# PART 04 - Handling CSV and XLSX and dplyr

In this part, you will learn:
* Handling CSV and XLSX files
* Managing data.frame with dplyr


## CSV files

read.table(file, ...)

Params: 
- header = TRUE  / FALSE
- sep = ”,”
- row.names=”...”
- stringsAsFactors=FALSE

There are also aliases dedicated for CSV files, e.g., write.csv, however, they will freeze some of the parameters (e.g., the separator).

In [None]:
code_data <- read.table("example.csv", header=TRUE, sep=";", stringsAsFactors=FALSE)
code_data
code_data$CodeQuality <- factor(code_data$CodeQuality, 
                                levels=c("low", "medium", "high"),
                                ordered=T)
str(code_data)

In [None]:
write.table(code_data, "example.csv", sep=";", row.names = FALSE, quote=FALSE)

## XLSX files

In [None]:
require(readxl)

In [None]:
read_excel("example.xlsx", sheet=1)

## dplyr

dplyr package – operations on data.frames

Install dplyr

In [None]:
require(dplyr)

Chaining commands %.% or %>% (ver. dep.)

Filter – filters data by value (and = &, or = |)

In [None]:
code_data %>% filter(CodeQuality=="medium" |  LOC > 10)
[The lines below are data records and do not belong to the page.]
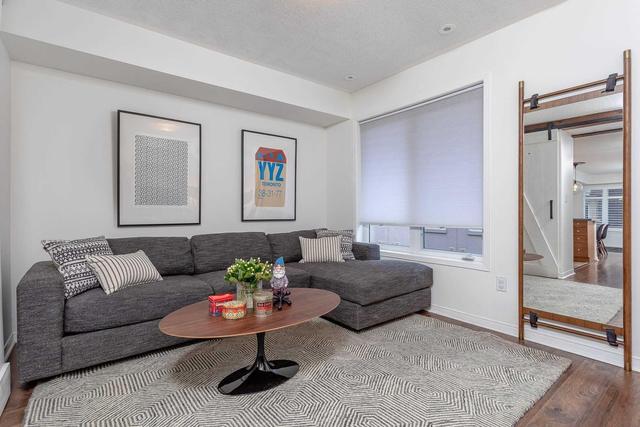 67 - 55 Foundry Ave, Condo with 3 bedrooms, 2 bathrooms and 1 parking in Toronto ON | Image 9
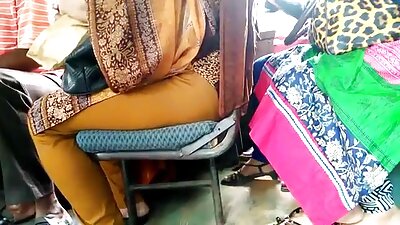 ලස්සන ඇගක් තියෙන brunette කෙනෙක් හොඳට ඇඳ උඩ කෙලවෙනවා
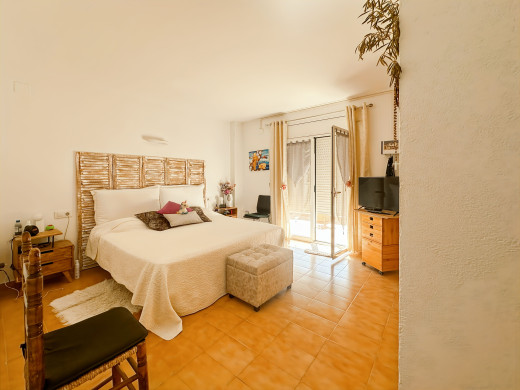 Maison à 100 m de la plage de Riells, avec jardin et terrasses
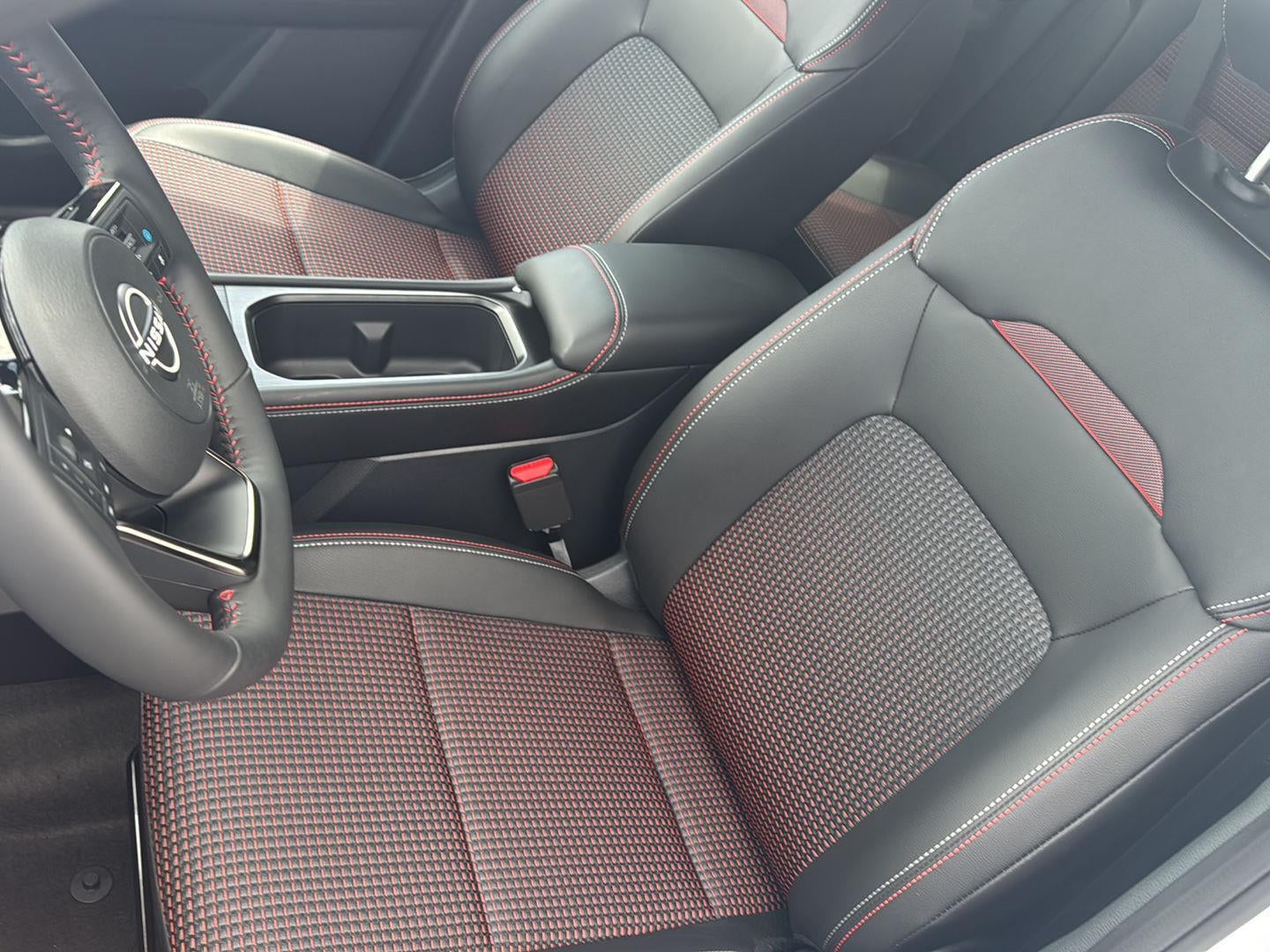 2026 Nissan KICKS SR AWD - Photo 13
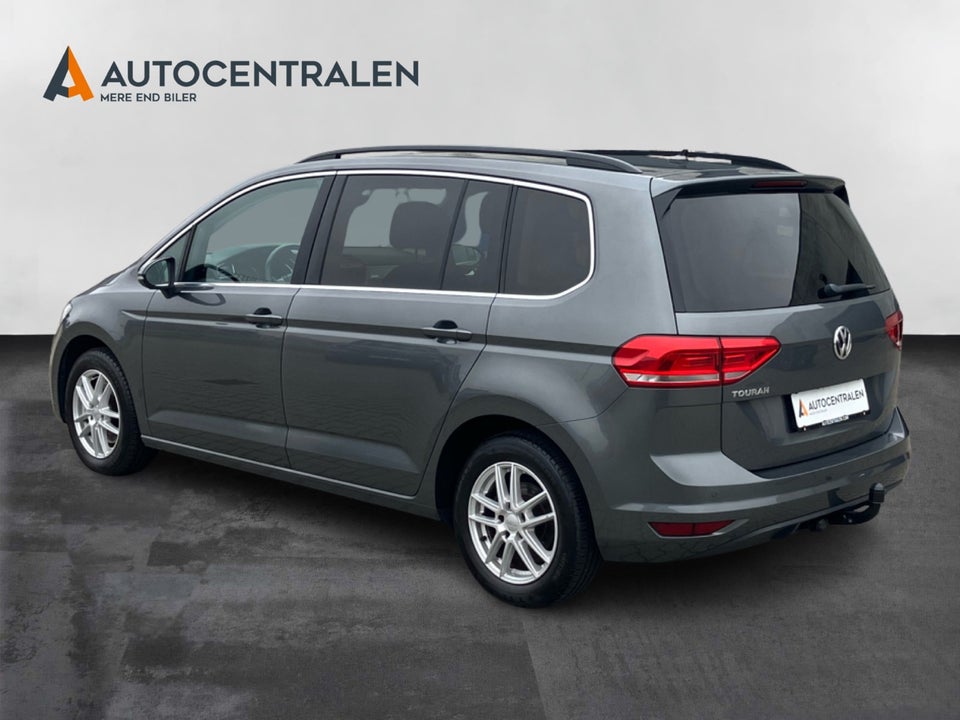 VW Touran 1,6 TDi 115 Comfortline Connect DSG 7prs 5d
Arrange - sorting rows (desc to revert order)

In [None]:
code_data %>% arrange(CodeQuality)

In [None]:
code_data %>% arrange(desc(CodeQuality))

Select – selects columns

In [None]:
code_data[,c("Package", "Class", "CodeQuality")]

In [None]:
code_data %>% select(Package, Class, CodeQuality)

Mutate – calculate new values 

In [None]:
data.frame(code_data, KLOC=code_data$LOC / 1000)

In [None]:
code_data %>% mutate(KLOC=LOC/1000)

group_by – groups values (adds meta-data)

In [None]:
code_data %>% group_by(Package)

Summarise – aggregates after grouped

In [None]:
code_data %>% group_by(Package) %>% summarise(meanLOC=mean(LOC), N=n())